Finding linear independence in $v_1,\ldots,v_m$ First, I'll try not to ramble, although it tends to happen when I type.
I have the following linear algebra problem for my homework.
Prove or give a counterexample: If $v_1, v_2, \ldots , v_m$ are linearly independent vectors in $V$, then $5v_1 − 4v_2, v_2, \ldots , v_m$ is linearly independent.
My first thought was: "It's obviously not linearly independent. $5v_1 - 4v_2$ is a linear combination of $v_1$ and $v_2$."

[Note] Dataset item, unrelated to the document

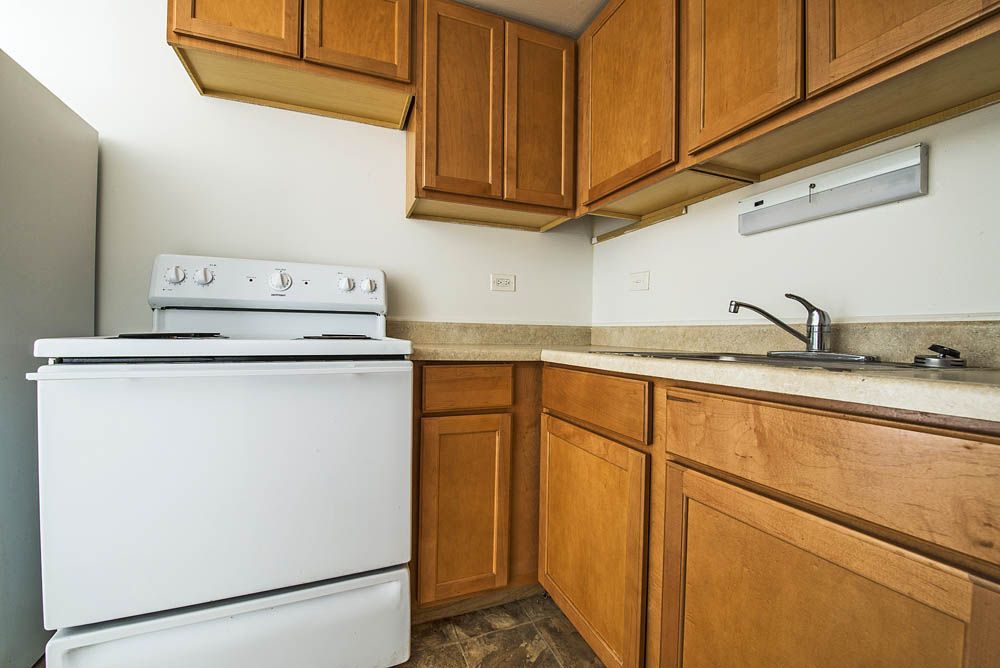 Small kitchen with wooden cabinets, white stove, and sink.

But then I noticed that $v_1$ wasn't actually in that set, so then I got to thinking that because we're getting a new vector from one vector that's already in the set, and one vector that's outside the set, but that would be independent of the rest if it was in it, then that resulting vector ($5v_1 - 4v_2$) is also independent.
Which one is correct? My gut is telling me that the second one is correct. But I can't think of a way to really prove that $5v_1 - 4v_2$ definitely can't be made by a linear combination of any other vectors in that set.

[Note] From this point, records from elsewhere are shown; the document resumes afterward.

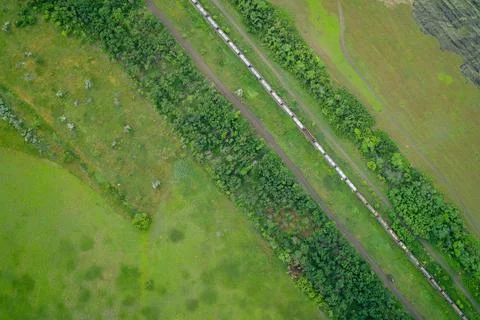 Freight train transporting raw industrial materials on railway line heavy cargo Stock Photos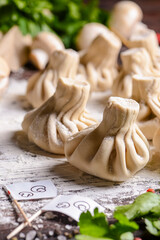 Georgian dumpling or Khinkali. Georgian homemade khinkali on wooden background.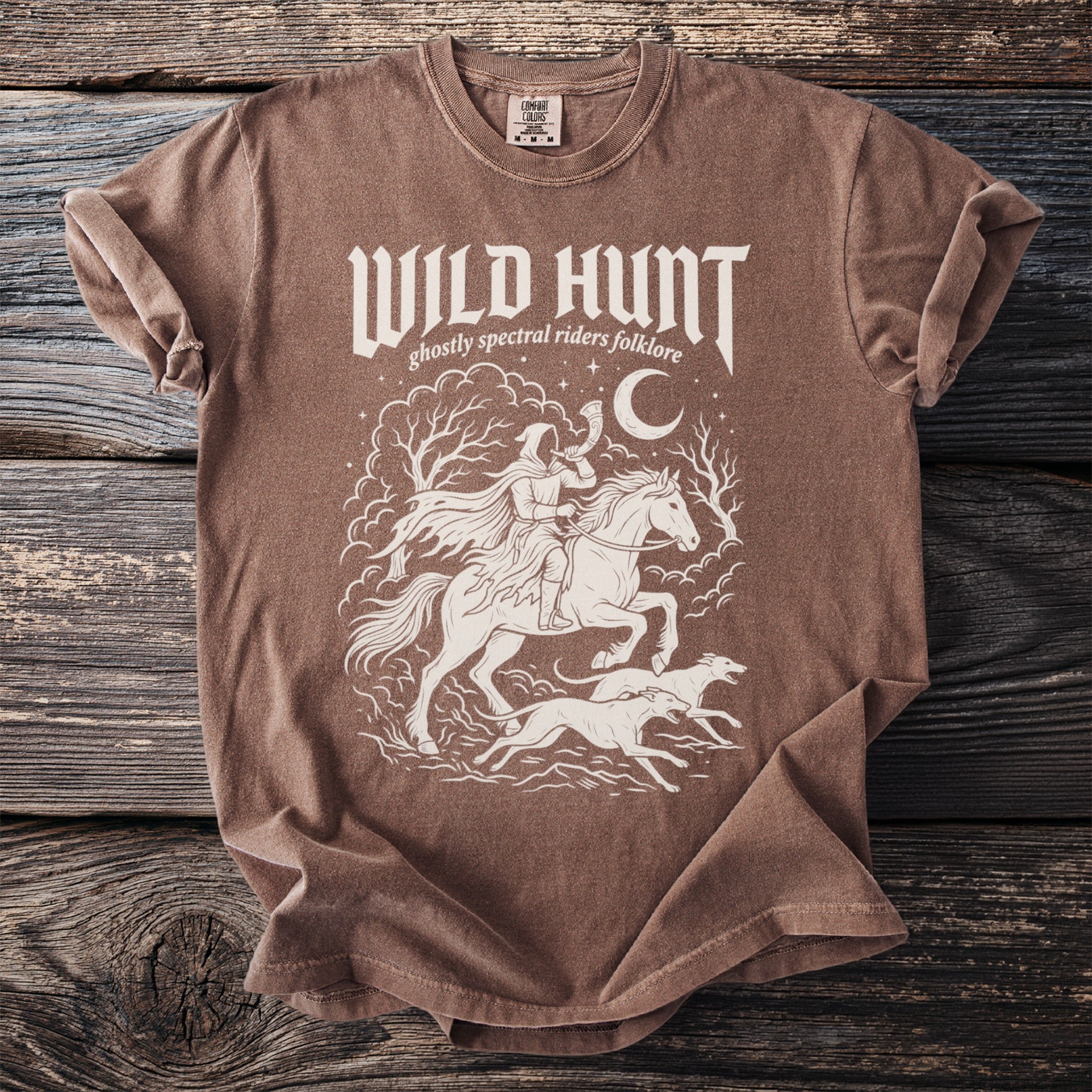 Brown t-shirt with "Wild Hunt ghostly spectral riders folklore" text and graphic.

Any help would be appreciated. Thanks.
 A: In some cases $\def\v{{\bf v}}5\v_1-4\v_2$ might be expressible in terms of $\v_2,\ldots,\v_m$.  But the important thing to realise is that in this problem it is given that $\v_1,\ldots,\v_m$ are independent - that makes all the difference.
To see whether $5\v_1-4\v_2,\v_2,\ldots,\v_m$ are independent, make a linear combination equal to the zero vector:
$$\lambda_1(5\v_1-4\v_2)+\lambda_2\v_2+\cdots+\lambda_m\v_m={\bf0}\ .\tag{$*$}$$
Rearranging terms,
$$(5\lambda_1)\v_1+(\lambda_2-4\lambda_1)\v_2+\lambda_3\v_3+\cdots+\lambda_m\v_m={\bf0}\ .$$
$\color{red}{\hbox{Since $\v_1,\ldots,\v_m$ are independent}}$ (the key fact), all the coefficients on the LHS must be zero:
$$5\lambda_1=0\ ,\quad \lambda_2-4\lambda_1=0\ ,\quad \lambda_3=0\ ,\ldots,\quad \lambda_m=0\ .$$
You can easily see from this that
$$\lambda_1=0\ ,\quad \lambda_2=0\ ,\quad \lambda_3=0\ ,\ldots,\quad \lambda_m=0\ .$$
So the only way $(*)$ can hold is when all the scalar coefficients are zero; so the vectors are linearly independent.